Carol Shiue is the Principal Investigator for the National Institutes of Health, 2002–2006 Grant, $149,750, “Intergenerational and Interfamily Economic Links.” She is the Coprincipal Investigator with Wolfgang Keller for the National Science Foundation, 2005–2008 grant, $266,182, “What Explains Modern Economic Growth? New Evidence from a Comparison of China and Europe in the 18th Century.” Additionally she is the Coprincipal Investigator for the Metanexus Institute, 2005–2007 grant, $500,000, “Project on Religion and Economic Change,” (with Robert D. Woodberry, Mark D. Regnerus, Joseph E. Potter, Virginia Garrard-Burnett, and Daniel Powers).

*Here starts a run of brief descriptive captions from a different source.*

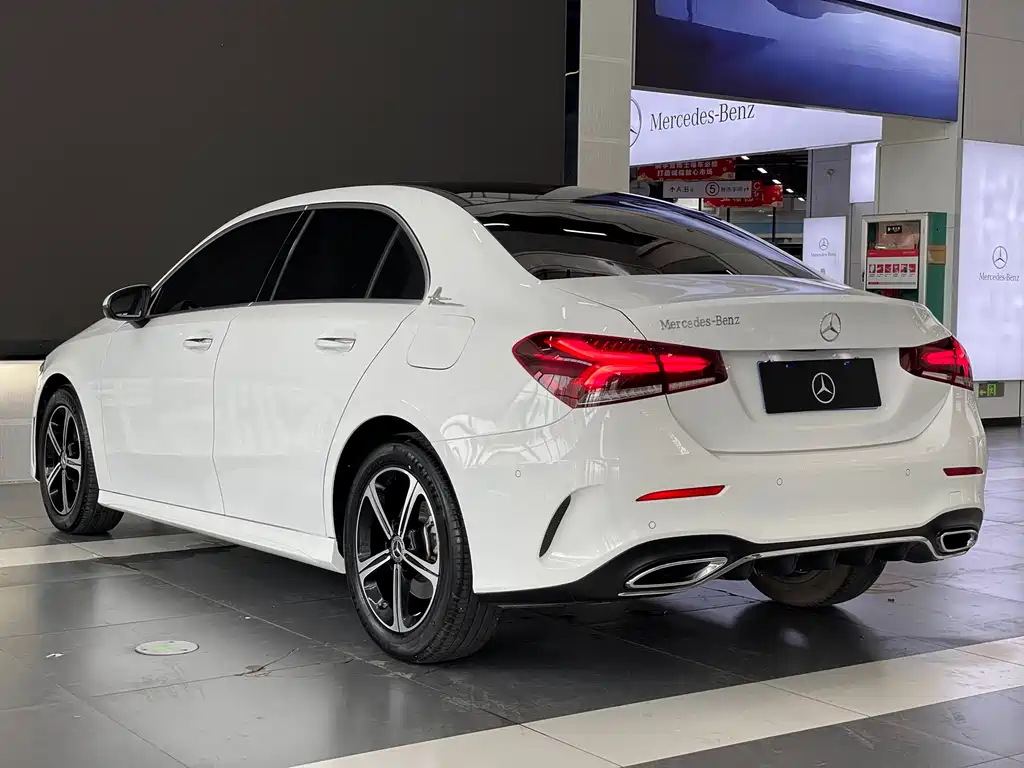 Mercedes-Benz A-Class 2023 — фото 7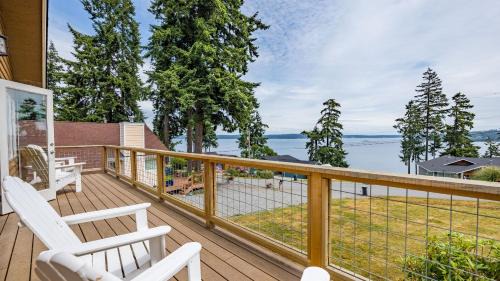 Greenbank House | Camano Vista Paradise by AvantStay
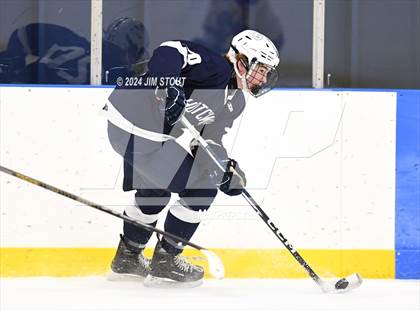Thumbnail 2 in Loomis @ Hotchkiss photogallery.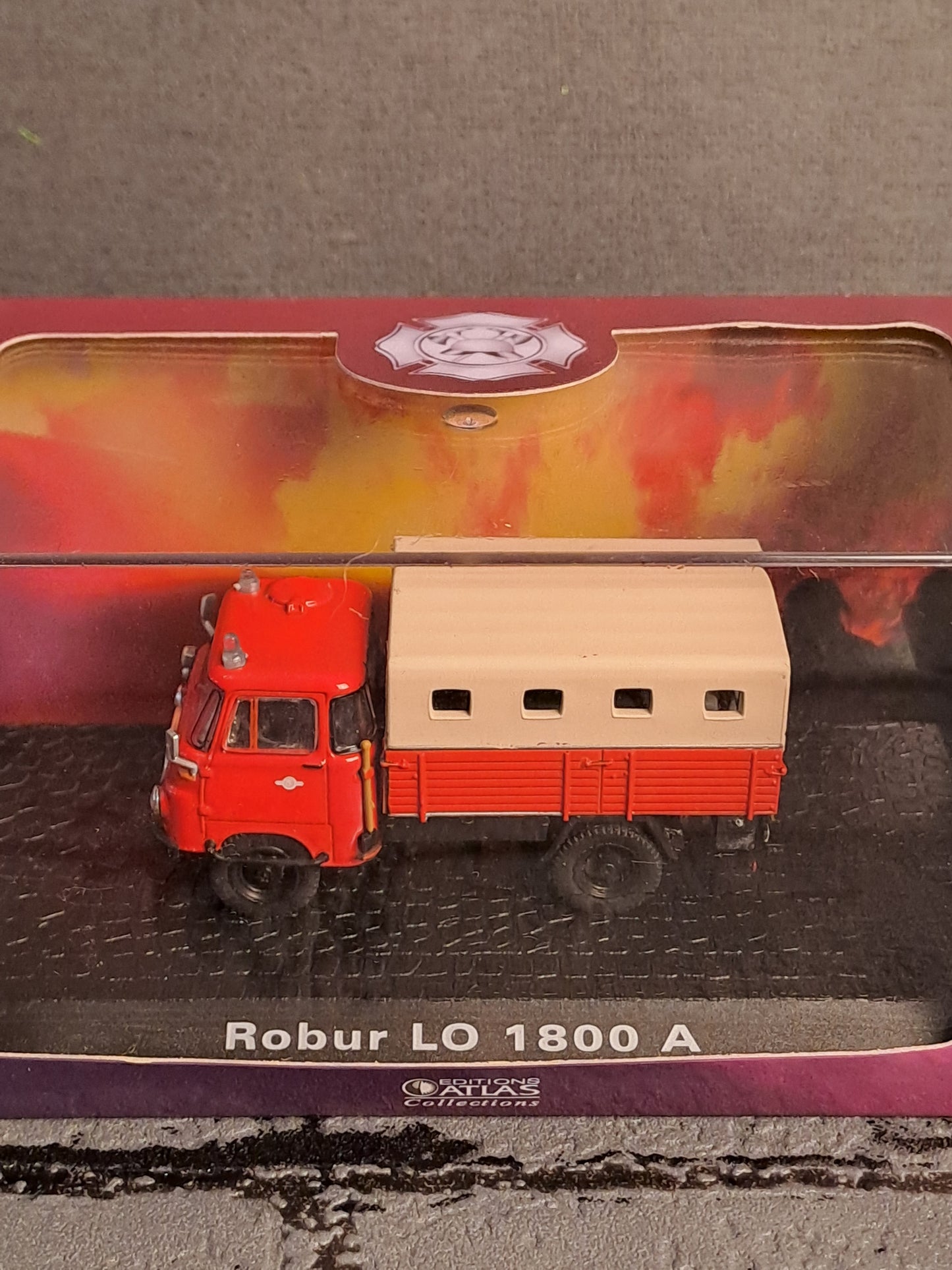 Edition Atlas Collections Robur LO 1800 A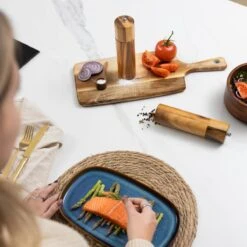 Deleca Luxe Peper En Zoutmolen Set - Zout / Pepermolen - Handmatig - Met Navul Lepel & Geschenkdoos - Acacia Hout - Rond -Beste Keuken Serie Winkel 1200x1200 570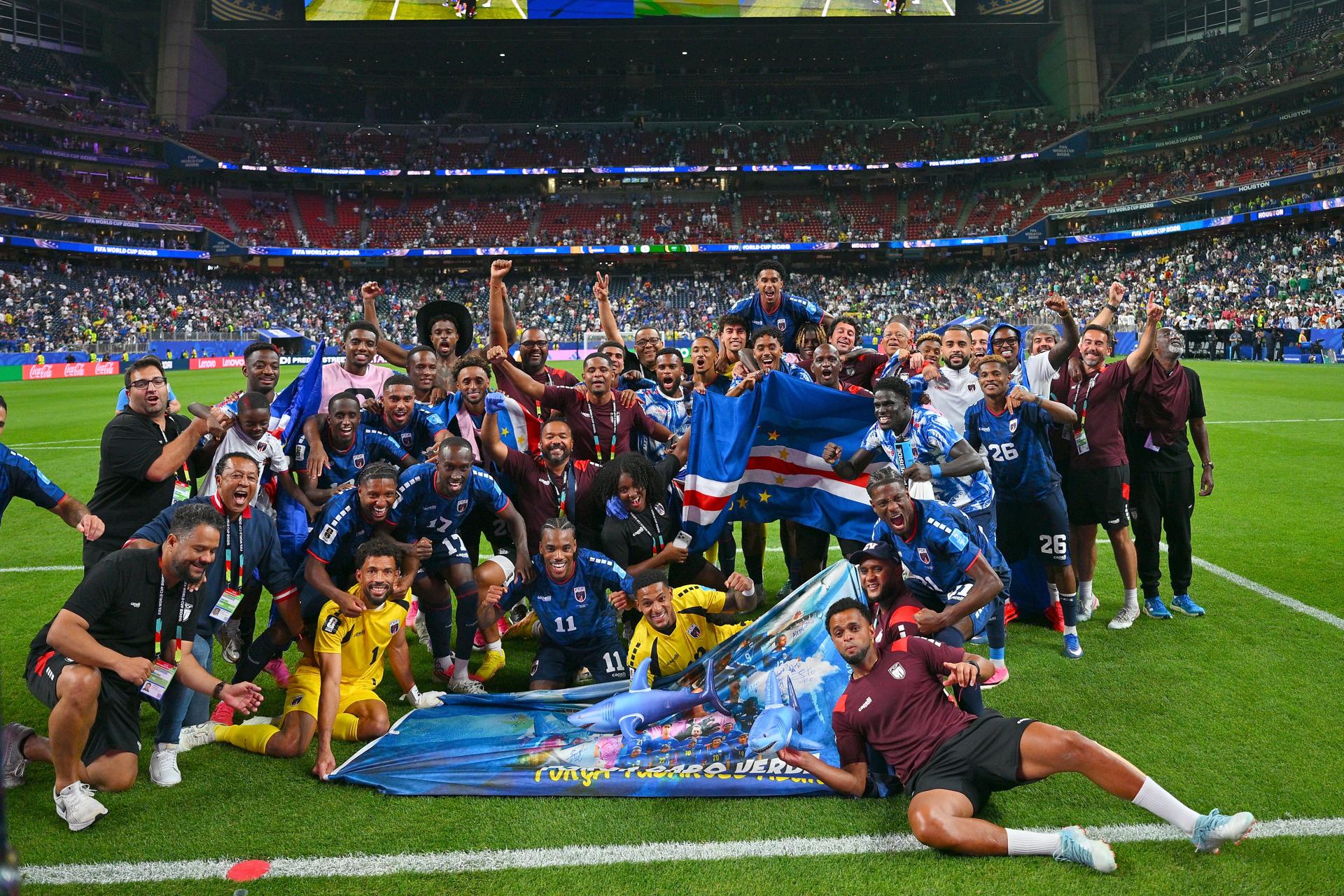 Cabo Verde hace historia: Avanza a 16vos en su primer Mundial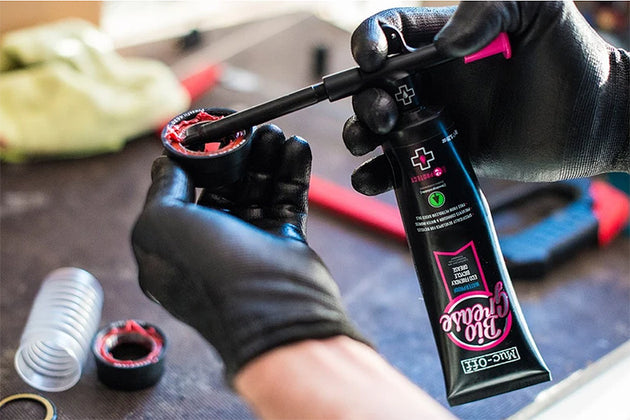 MUC-OFF BIO GREASE 150G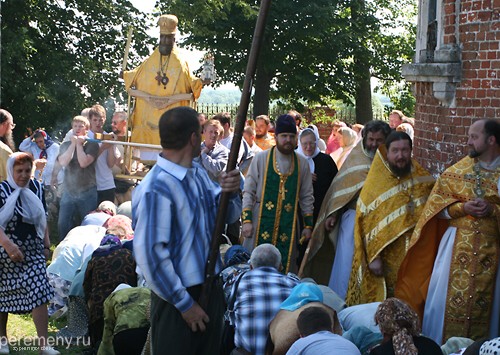Попы на праздник Николы собрались со всей округи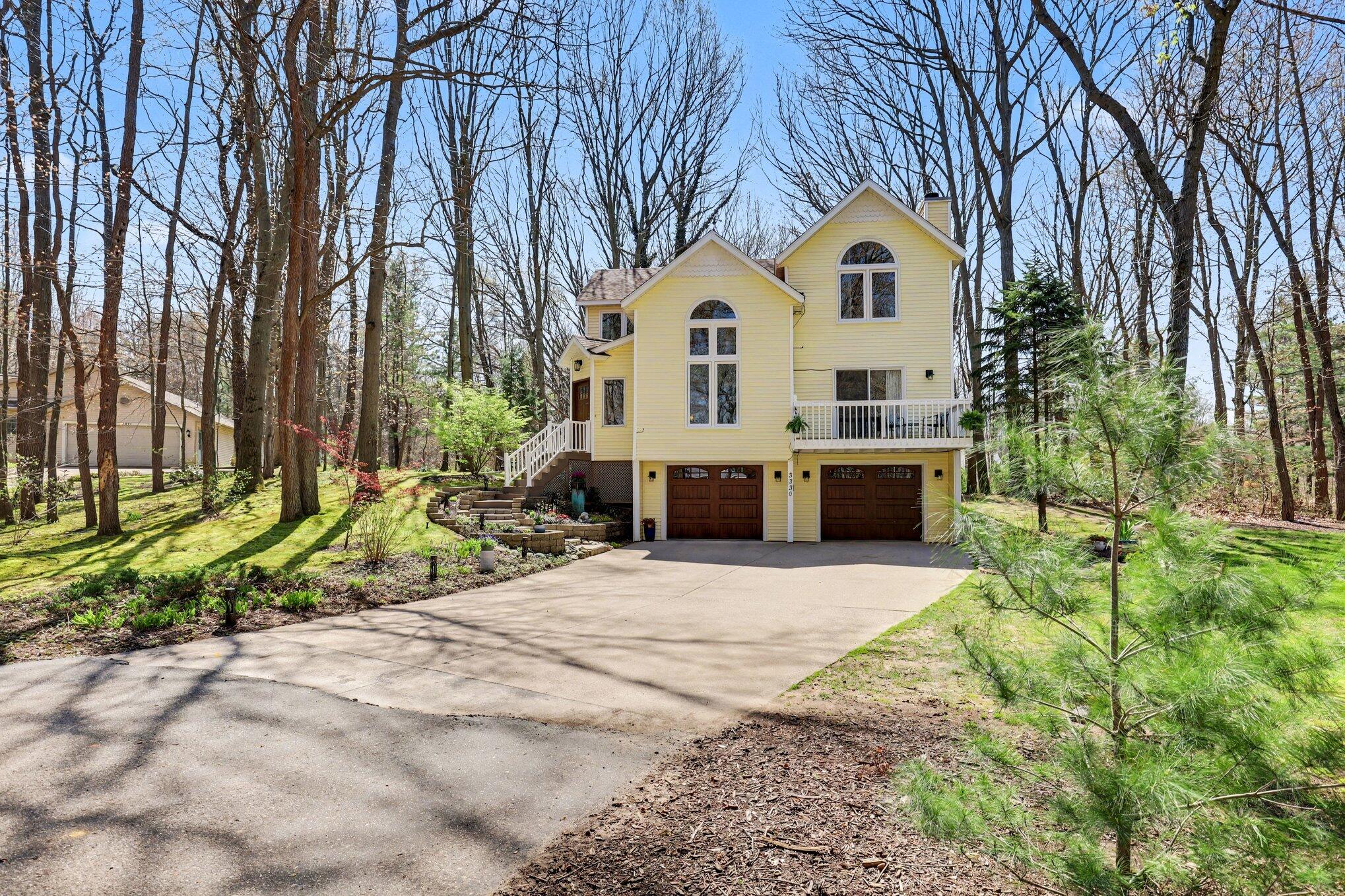 3330 Clearview Lane Saugatuck MI 49453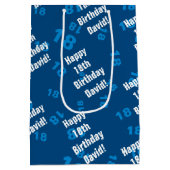 任意の年齢と名前のパーソナライズされたハッピーバースデー ミディアムペーパーバッグ (裏面)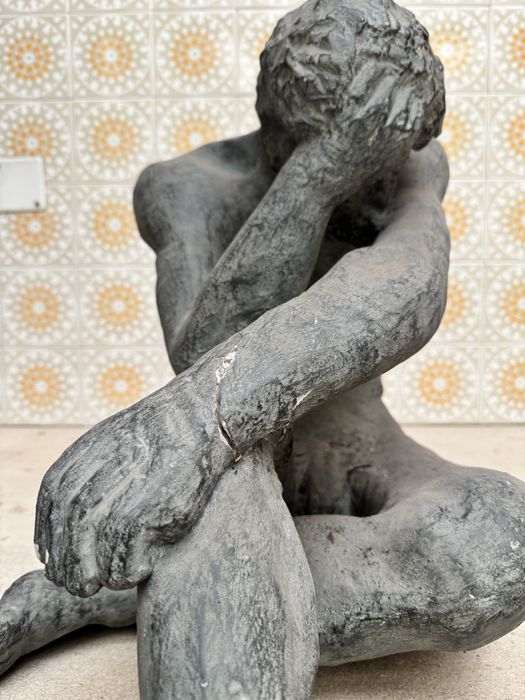 Escultura estátua  homem pensativo decorativa grande figura sentada estilo artístico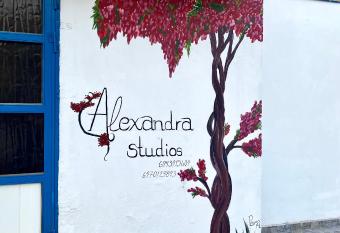 Alexandra Studios has Balcony rooms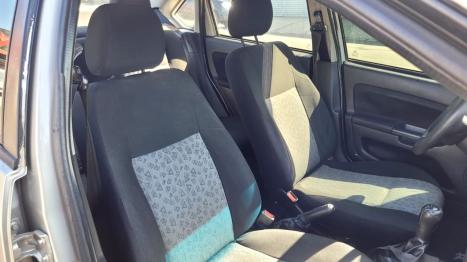 FORD Fiesta Sedan 1.6 4P FLEX, Foto 13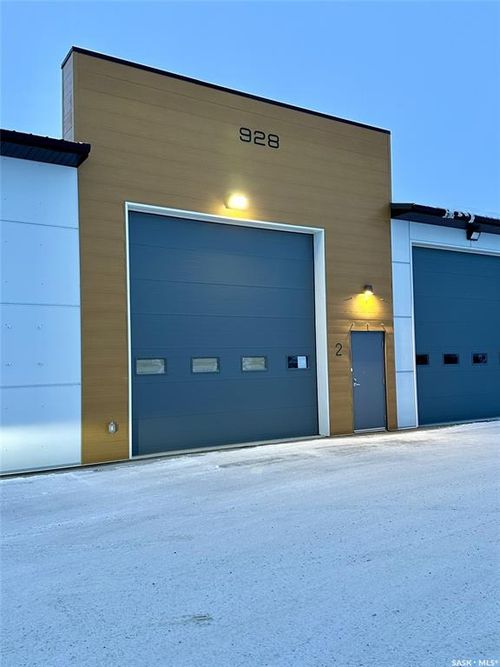 2-928 8th St S, Martensville, SK, S0K0A2 | Card Image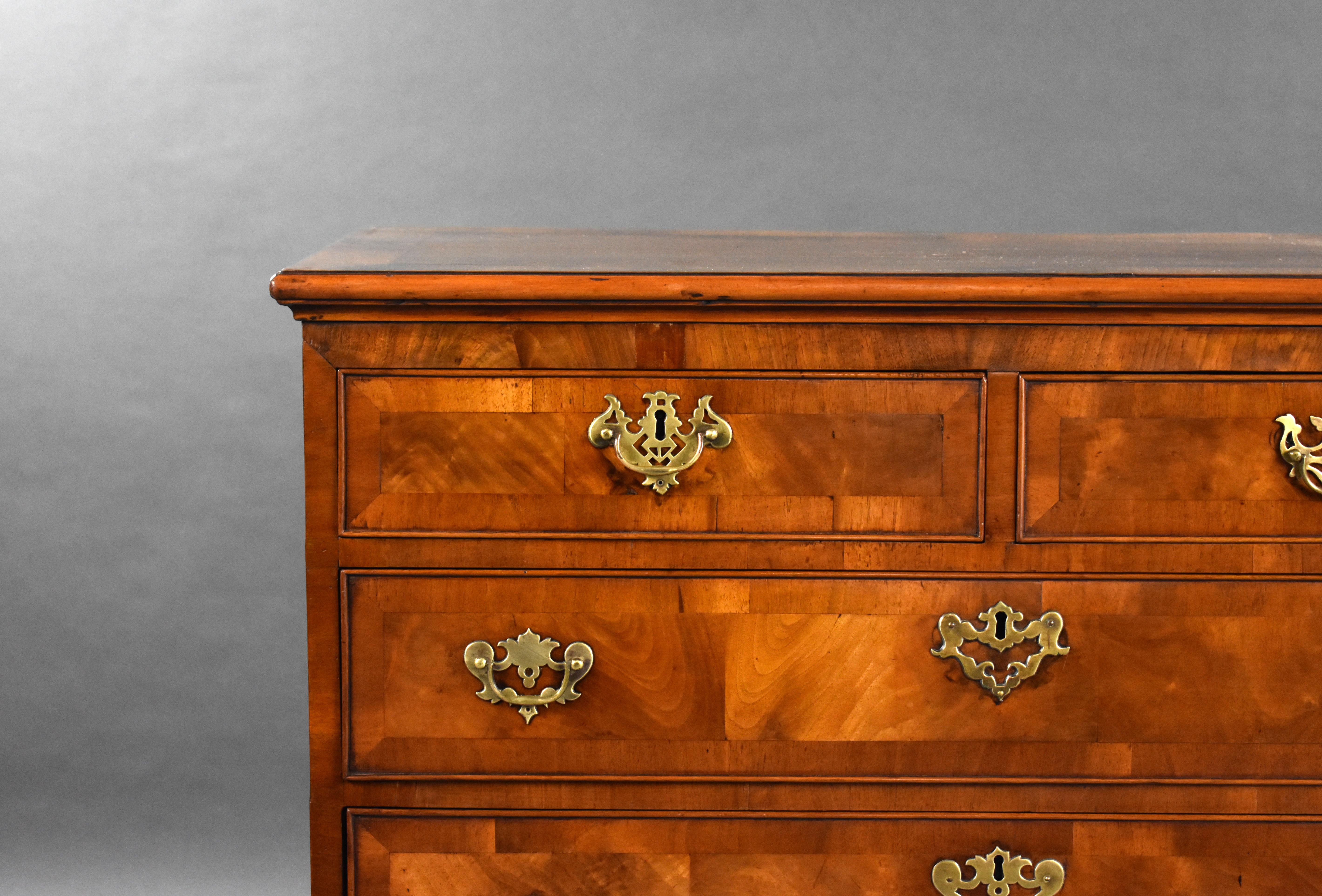 18th Century English George I Walnut Chest of Drawers For Sale 5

Randall Walsh has the following current grants: Lincoln Institute for Land Policy, 2005–2006, “Conservation Voted: What is the American electorate revealing?”, $90,000, with resources for the future; National Science Foundation, 2003–2006, “Collaborative Research: Neighborhood Choice, Environmental Justice, and Policy Analysis,” $206,967, with Nicholas Flores.
     Randy also has a pending grant from NSF— Human and Social Dynamics, 2006–2008, “Collaborative Research: Household and Community Response to Wildfire Risk: Social and Landscape Dynamics,” $243,444, with Nicholas Flores.
     This fall Randy plans to submit a grant proposal to the National Institute for Health/National Institute for Childhood Development— R03, 2006–2007, “Distributional Impacts of Neighborhood Change,” $50,000 plus overhead expenses, with Terra McKinnish.